Estudo sugere como prevenir o declínio cognitivo
Os desafios da atividade social podem promover ou manter a eficiência das redes neuronais
Segundo uma pesquisa realizada no Centro Médico Universidade Rush, EUA, para manter o cérebro saudável, é tão bom visitar amigos, ir a festas e até mesmo à igreja como fazer palavras cruzadas.
O estudo, que defende que a atividade social frequente pode ajudar a prevenir ou retardar o declínio cognitivo em idade avançada, acaba de ser publicado no jornal da Sociedade Internacional de Neuropsicologia, de acordo com o Eurekalert.
Na análise dos dados, os investigadores tiveram um cuidado especial para tentar afastar a possibilidade de que o declínio cognitivo precede, ou causa, isolamento social, e não o inverso.

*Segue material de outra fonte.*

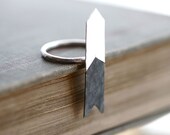 Chevron Arrow Ring - Black and White - Sterling Silver - Made to Order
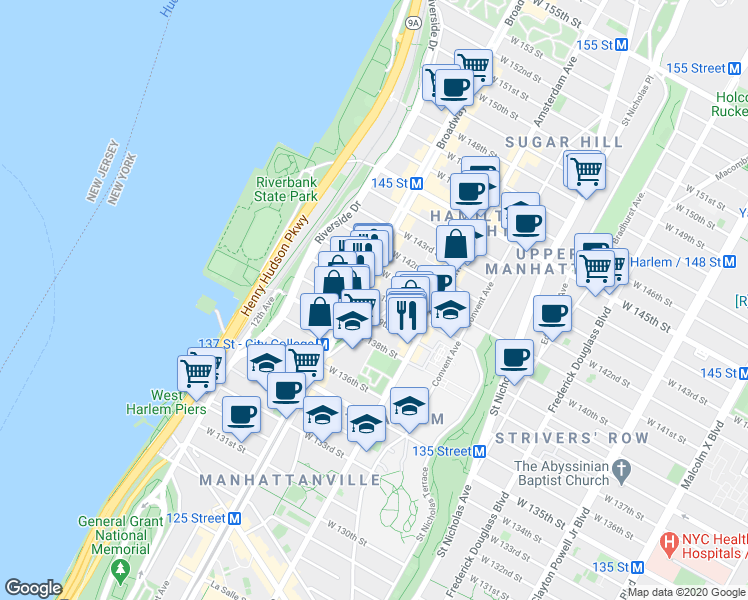 map of restaurants, bars, coffee shops, grocery stores, and more near 61 Hamilton Place in New York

“Quando as habilidades cognitivas de alguém quebram, é lógico pensar que essa pessoa está menos propensa a sair e encontrar os amigos, desfrutar de uma viagem de campismo ou participar em atividades de grupo. Se a capacidade de memória e de pensamento falha, a socialização torna-se difícil”, explica o investigador principal, Bryan James. “Mas as nossas descobertas sugerem que a inactividade social em si leva a alterações cognitivas”, sublinha.
Testes neuropsicológicos
O estudo incluiu 1138 idosos com idade média de 80 anos.

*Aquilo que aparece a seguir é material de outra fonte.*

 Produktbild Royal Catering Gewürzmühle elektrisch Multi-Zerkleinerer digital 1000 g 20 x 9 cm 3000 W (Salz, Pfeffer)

Cada um dos participantes foi submetido a avaliações anuais que incluíam história clínica e testes neuropsicológicos.
A atividade social foi medida com base num questionário que perguntava quantas vezes, no ano anterior, os participantes tinham estado envolvidos em atividades de interação social. Se, por exemplo, foram a restaurantes, eventos esportivos,se participavam de jogos em grupo, ou se fizeram passeios ou viagens noturnas, trabalhos voluntários, visitaram parentes ou amigos, se assistiram a cultos religiosos, etc.
A função cognitiva foi avaliada através de um conjunto de 19 testes para vários tipos de memória (memória episódica, semântica e de trabalho), bem como a velocidade e capacidade de percepção visuoespacial.

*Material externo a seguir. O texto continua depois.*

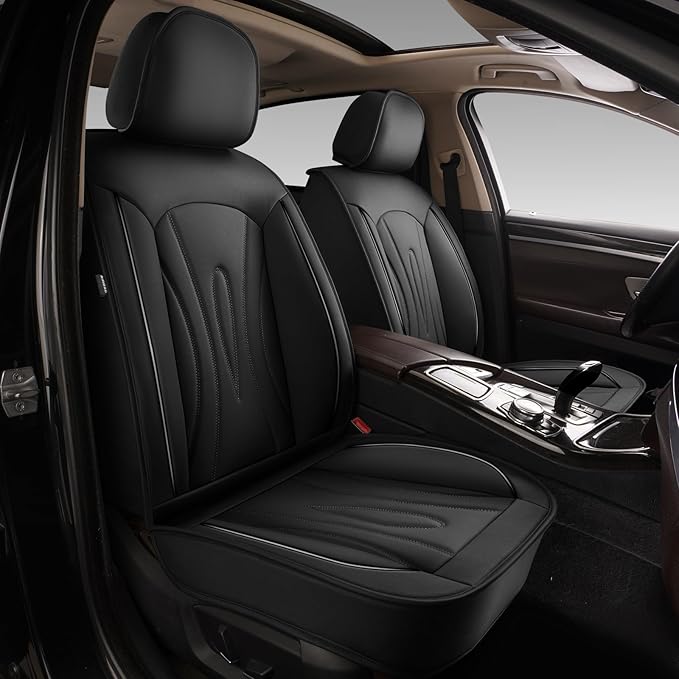 Front Car Seat Covers 2-Piece Set Fit for Kia Seltos 2021-2025,Non-Slip Faux Leather Waterproof Seat Covers Compatible with Airbag(Black,2PCS Front)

No início do questionário, nenhum participante mostrava quaisquer sinais de comprometimento cognitivo. Em cinco anos, aqueles que eram mais socialmente ativos mostraram taxas reduzidas de declínio cognitivo. Em média, aqueles que apresentaram os maiores níveis de atividade social apresentaram apenas um quarto da taxa de declínio cognitivo experimentados por menos indivíduos socialmente ativos. Outras variáveis que poderiam ter sido responsáveis pelo aumento no declínio cognitivo, tais como idade, atividade física e saúde foram descartadas na análise.
Ainda não se sabe porque é que a atividade social desempenha um papel importante no desenvolvimento de problemas cognitivos. No entanto, o fato da “atividade social desafiar adultos mais velhos a participar em complexas trocas interpessoais, o que pode promover ou manter a eficiência das redes neuronais”, explica Bryan James.
Para determinar se as intervenções destinadas a aumentar a atividade social em idosos têm um papel retardador ou de prevenção face ao declínio cognitivo, “são necessárias mais investigações”, acrescentou o cientista.